### Directions for this task
Exact wording is required: transcribe all the entries and leave the images out.

### Source data
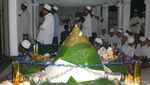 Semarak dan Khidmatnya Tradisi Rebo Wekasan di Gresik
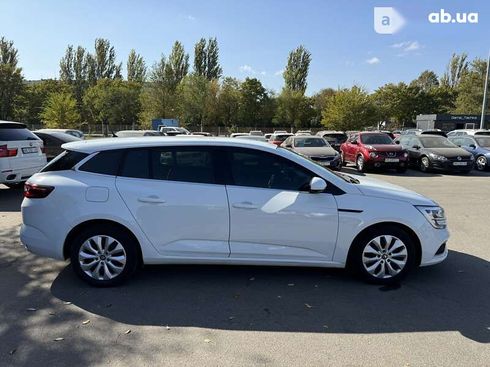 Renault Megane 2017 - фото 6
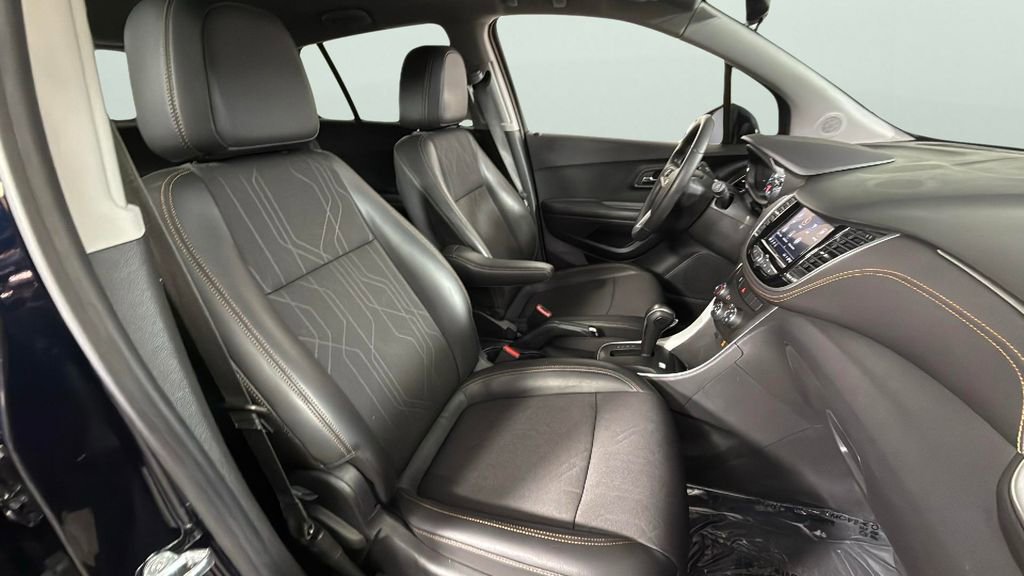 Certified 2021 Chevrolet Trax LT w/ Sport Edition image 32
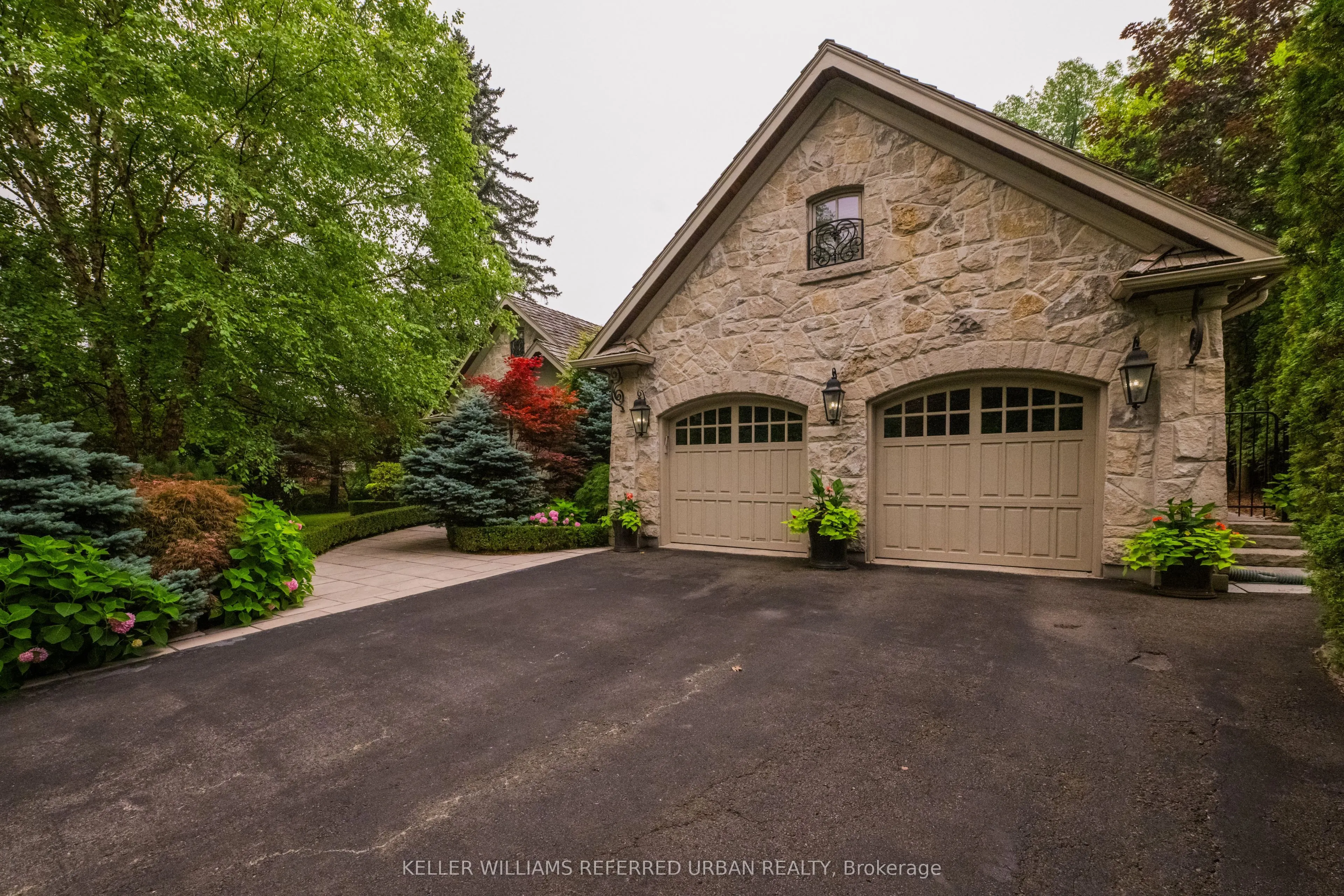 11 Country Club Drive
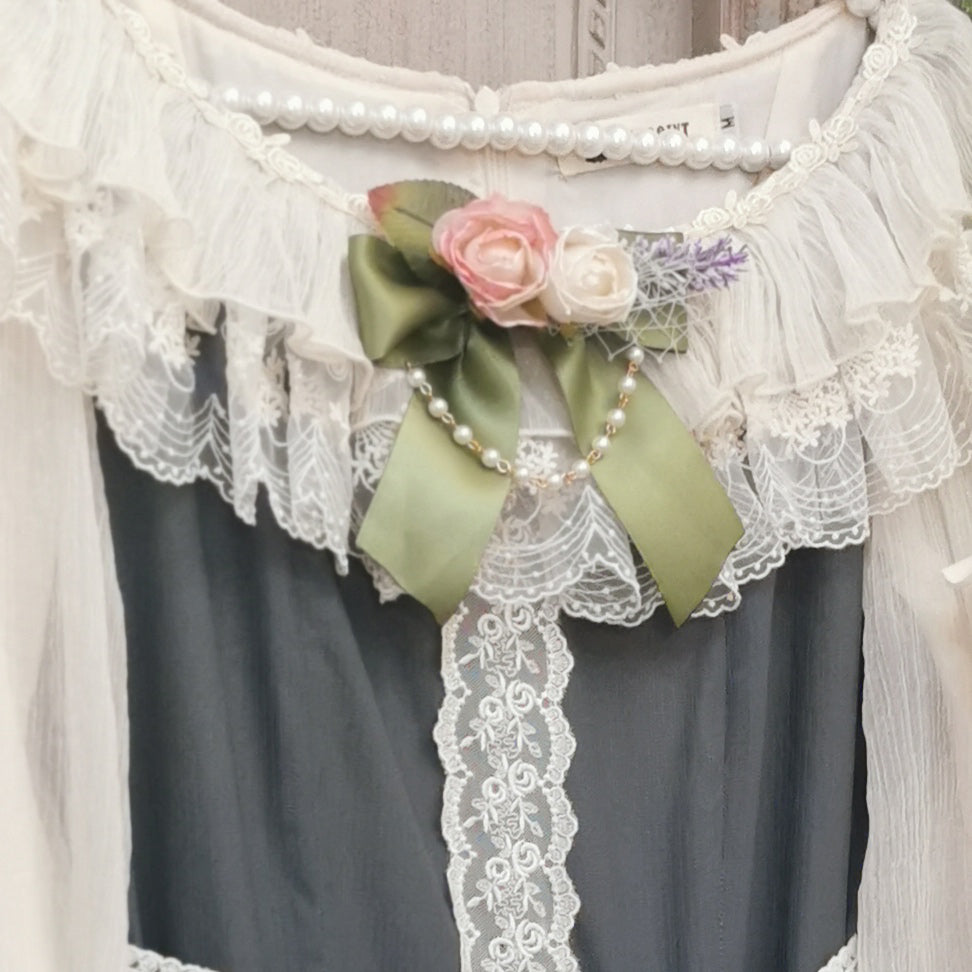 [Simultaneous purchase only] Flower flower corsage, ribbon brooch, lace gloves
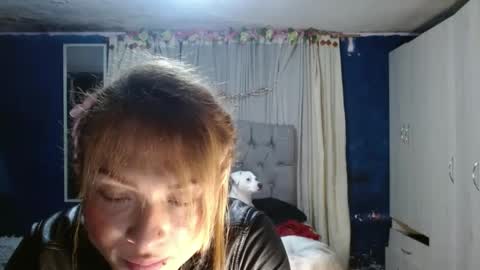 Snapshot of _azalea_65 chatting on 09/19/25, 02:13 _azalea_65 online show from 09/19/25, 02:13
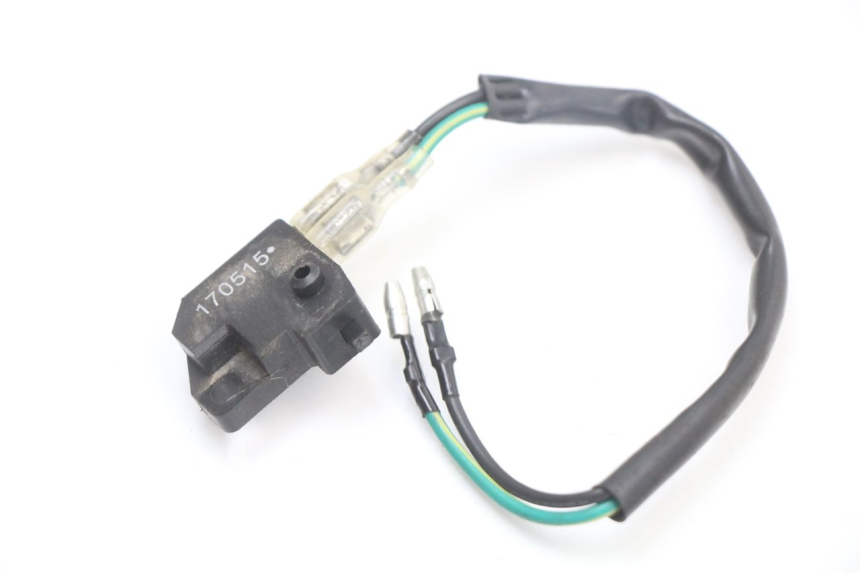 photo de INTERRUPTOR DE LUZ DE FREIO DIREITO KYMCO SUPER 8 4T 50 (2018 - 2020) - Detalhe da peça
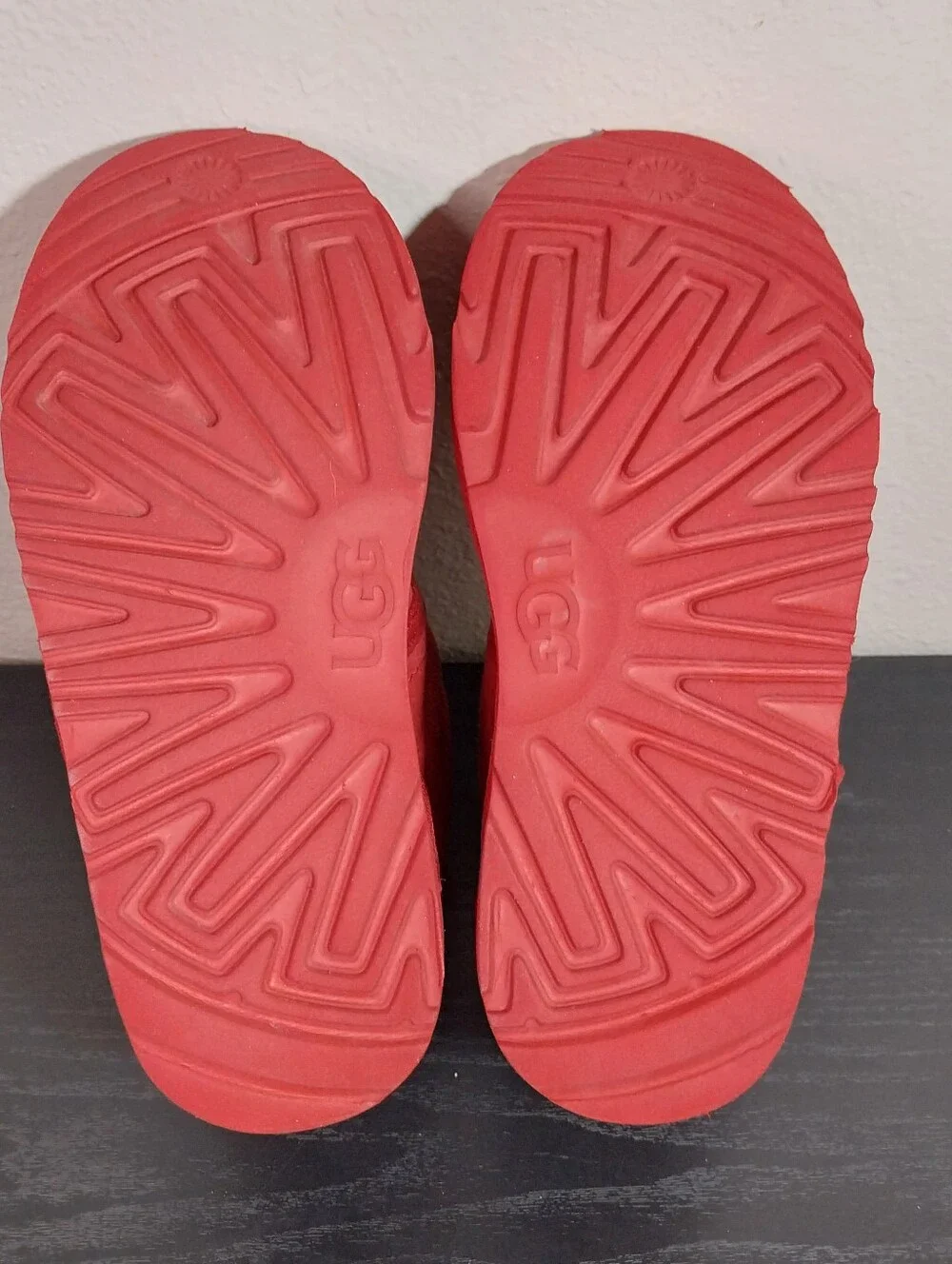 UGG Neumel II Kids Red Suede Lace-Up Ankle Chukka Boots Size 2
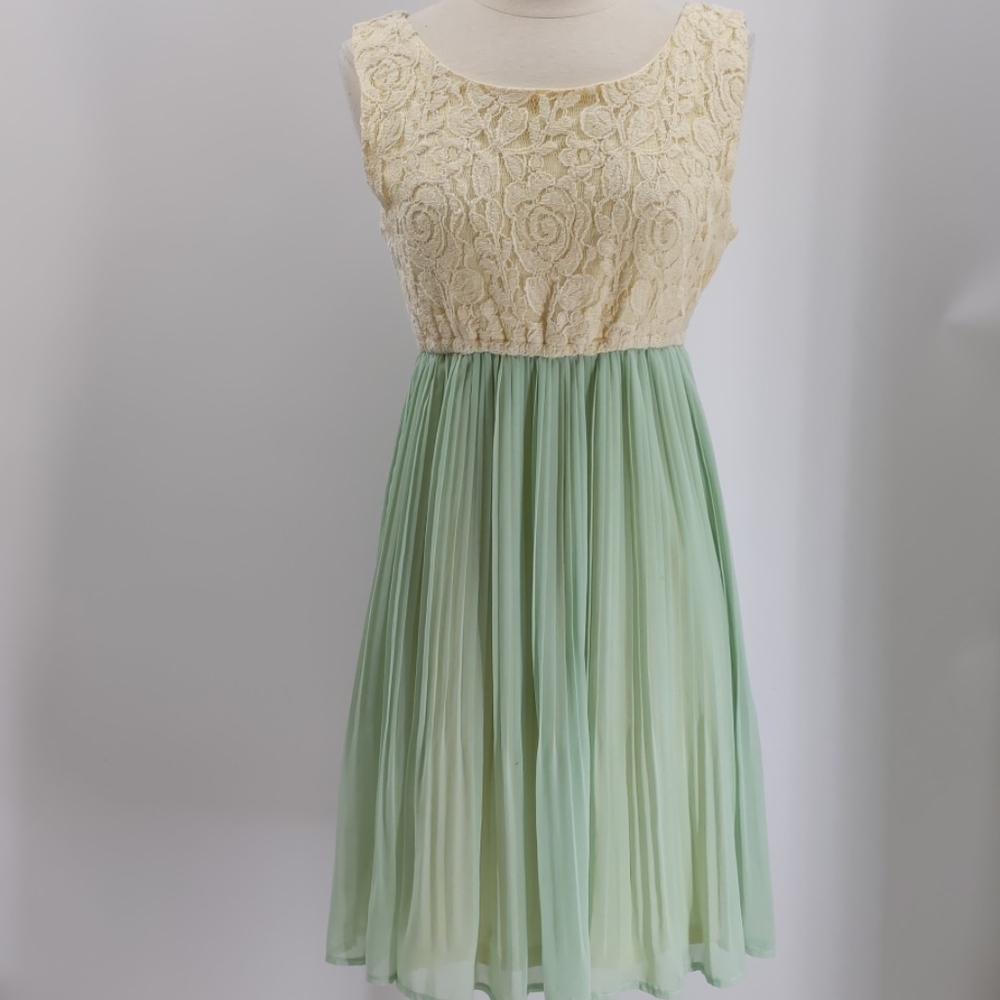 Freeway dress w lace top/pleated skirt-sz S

### Solved exercise
 Semarak dan Khidmatnya Tradisi Rebo Wekasan di Gresik
 Renault Megane 2017 - фото 6
 Certified 2021 Chevrolet Trax LT w/ Sport Edition image 32
 11 Country Club Drive
 [Simultaneous purchase only] Flower flower corsage, ribbon brooch, lace gloves
 Snapshot of _azalea_65 chatting on 09/19/25, 02:13 _azalea_65 online show from 09/19/25, 02:13
 photo de INTERRUPTOR DE LUZ DE FREIO DIREITO KYMCO SUPER 8 4T 50 (2018 - 2020) - Detalhe da peça
 UGG Neumel II Kids Red Suede Lace-Up Ankle Chukka Boots Size 2
 Freeway dress w lace top/pleated skirt-sz S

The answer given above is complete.